If not, what other factors cause a high surface count to slowdown the FPS?

Thanks in advance!

-big10p


Sunteam Software(Posted 2003) [#2]
In the interests of replying, I don't actually know, might be worth you doing some tests yourself and posting results.


Rob Farley(Posted 2003) [#3]
I could be wrong, but even if an object doesn't have a texture it will still have at least 1 surface. If the object has a few materials on it to give it different colours then it will have multiple surfaces and therefore texturing would be more efficient.

If you've got a bunch of objects using the same texture however, you can addmesh them all together to make a single surface entity, of course you've got the poly count/surface count trade off there and all the objects are stuck together.


Rob(Posted 2003) [#4]
You need to group as many meshes by the same texture.

Blitz will need a seperate surface to display a seperate brush setting/alpha/shininess/blend/fx or texture.


Anthony Flack(Posted 2003) [#5]
That's actually a very good question though - if surface slowdown is primarily caused by state changes on the video card, caused by the need to switch textures, what happens if you're not using textures?

And is drawing consecutive objects that use the same texture any faster than drawing different ones? And if the answer to both of the above is no, then is this a possible avenue for future optimisation?


simonh(Posted 2003) [#6]
Testing is the only answer.


big10p(Posted 2003) [#7]
OK, I'll try and do some testing tomorrow. Thanks for replying!


GNS(Posted 2003) [#8]
I coded a little test that creates 2000 (untextured) cubes and positions them at random places on the screen (always within the camera's view, however). TrisRendered() shows 24,012 polys being rendered. The framerate is a mere 16-18 FPS.

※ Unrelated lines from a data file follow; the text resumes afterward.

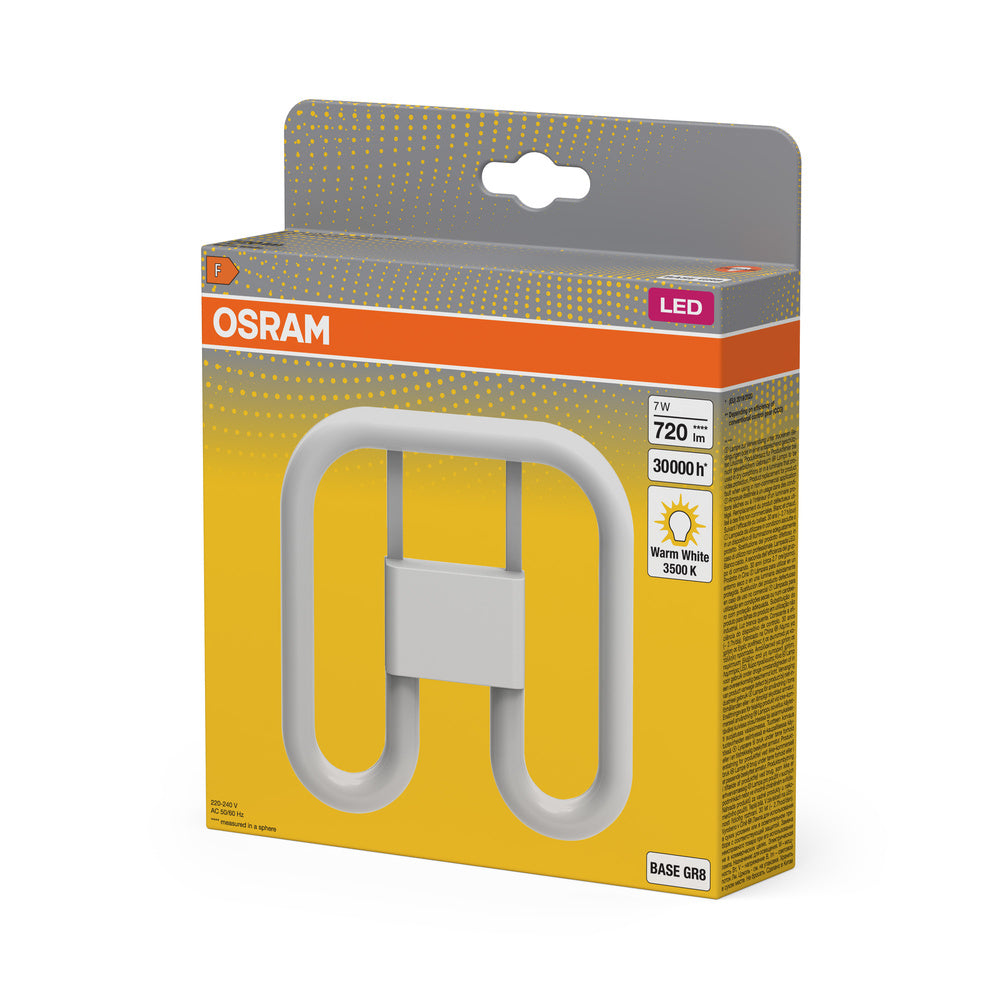 LED lineárne svietidlo 7W IP20 3500K 130° – lineárne LED svietidlo OSRAM
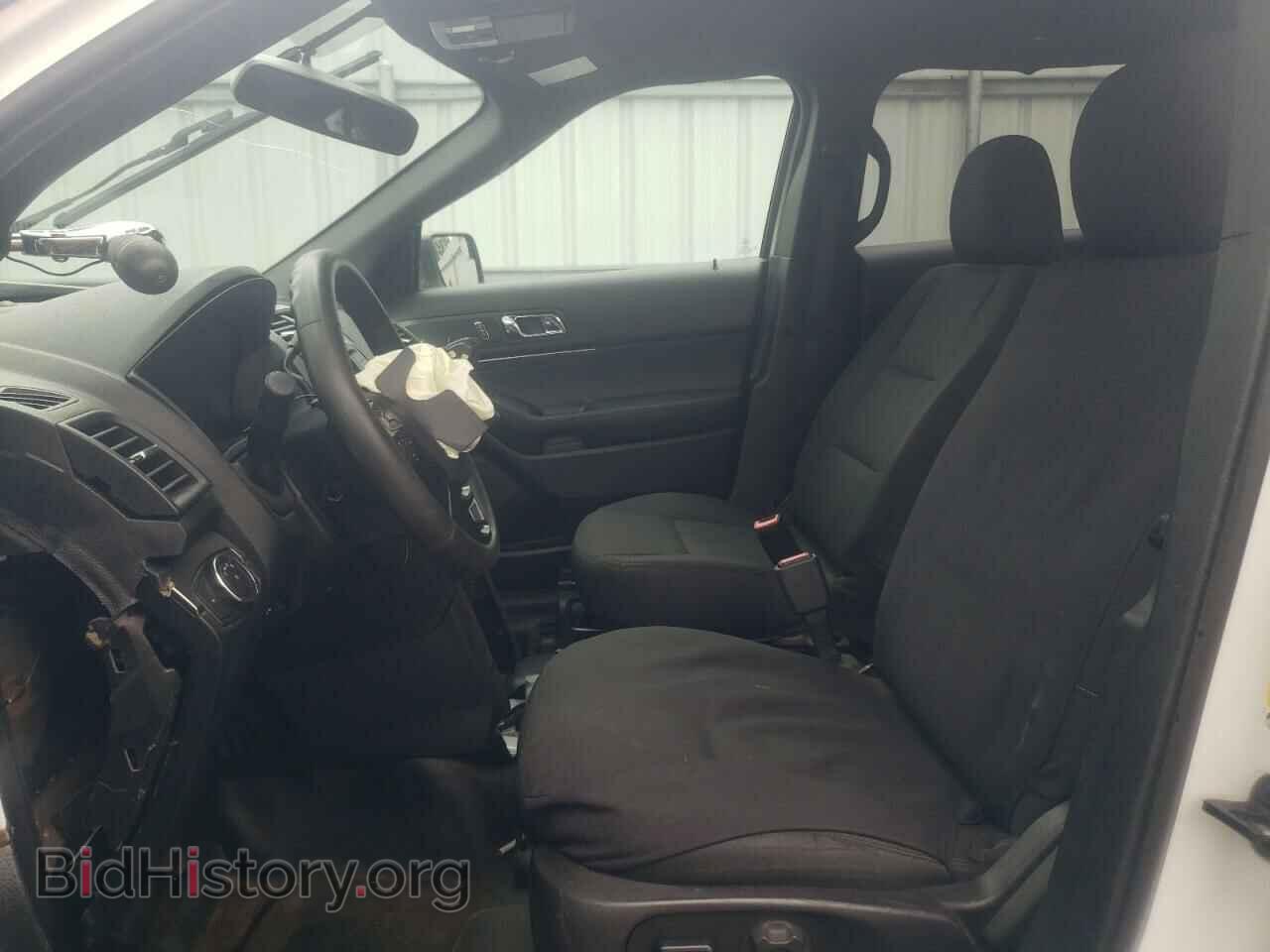 2019 FORD EXPLORER - VIN: 1FM5K8AR1KGA28780 - Фото 7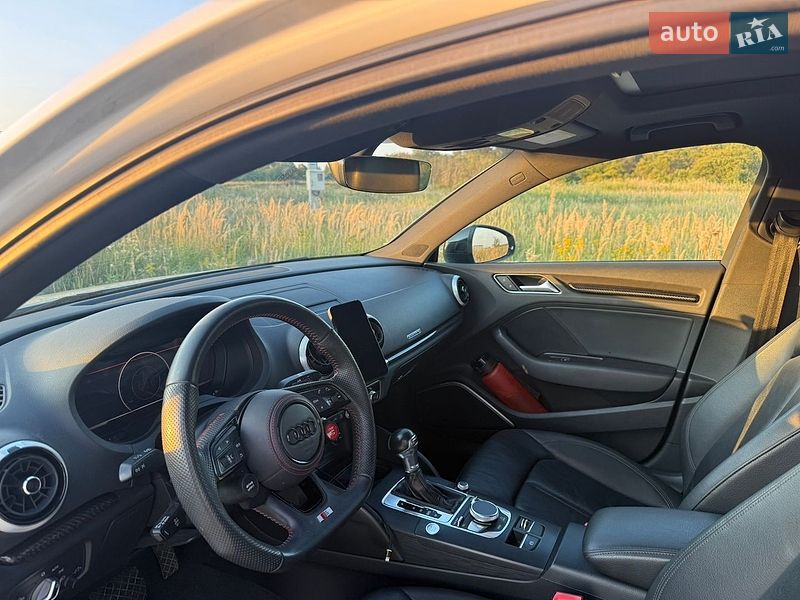 Седан Audi A3 2018 в Львове фото 19 Седан Audi A3 2018 в Львове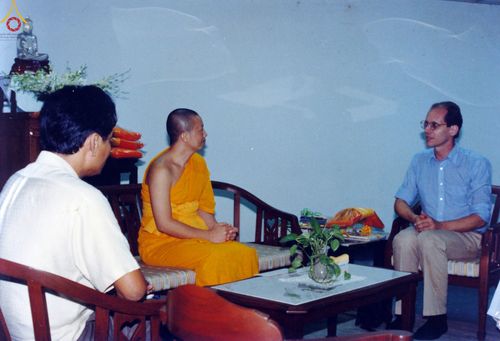 ภาพ No.48808:ประมวลภาพการสร้างบารมีของ พระเดชพระคุณพระสุธรรมญาณวิเทศ (สุธรรม สุธมฺโม)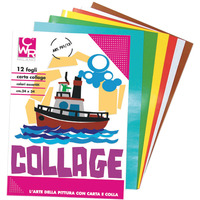 Prodotto Collage - 24x34 cm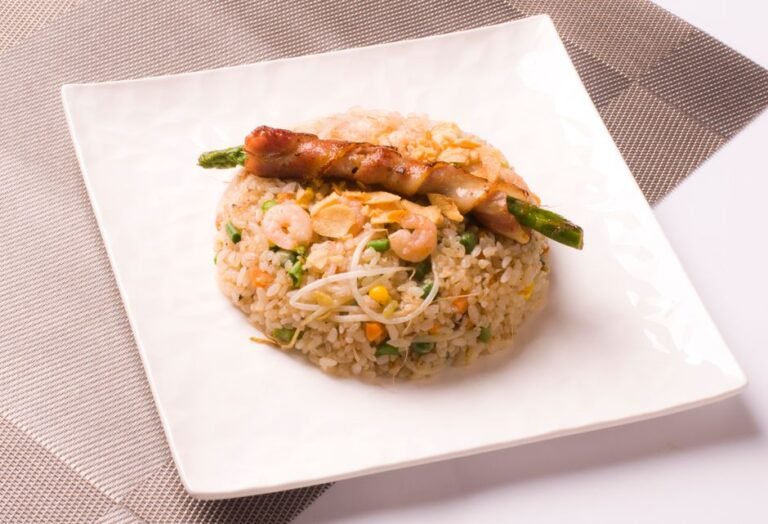 Indonesian Stink Bean Fried Rice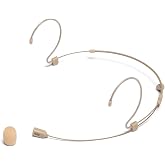 SAMSON DE60x Unidirectional Headset Microphone w/Miniature Condenser Capsule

Now, if the assumption thus far has been that surface count slowdown has been because of texture switches what would account for the slowdown in this situation? Fill rate?


big10p(Posted 2003) [#9]
I'm not sure. Do you think 16-18 FPS is slow? I don't know what spec your PC is so I can't tell.

I would be interested to know what FPS you get if you had a variety of textures which you randomly assign to the cubes. Also, what speed you'd get if you plonked all the untextured cubes into a single surface mesh and displayed that. You could view the scene from a high distance in order to rule out fill rate as a culprit, I guess (or have I completely misundertood the meaning of fill rate all this time? possibly :) ).


Gabriel(Posted 2003) [#10]
When I was testing this with quads, I found that them being untextured actually made them slower than the textured variety. Didn't make a lot of sense to me, but hey, that's computers for ya.

So yeah, it's still surface dependent. Or my tests indicated such, in any case. I don't know how videocards work, but I'm guessing it still sees a plain colour as a texture.


sswift(Posted 2003) [#11]
"Now, if the assumption thus far has been that surface count slowdown has been because of texture switches what would account for the slowdown in this situation? Fill rate?"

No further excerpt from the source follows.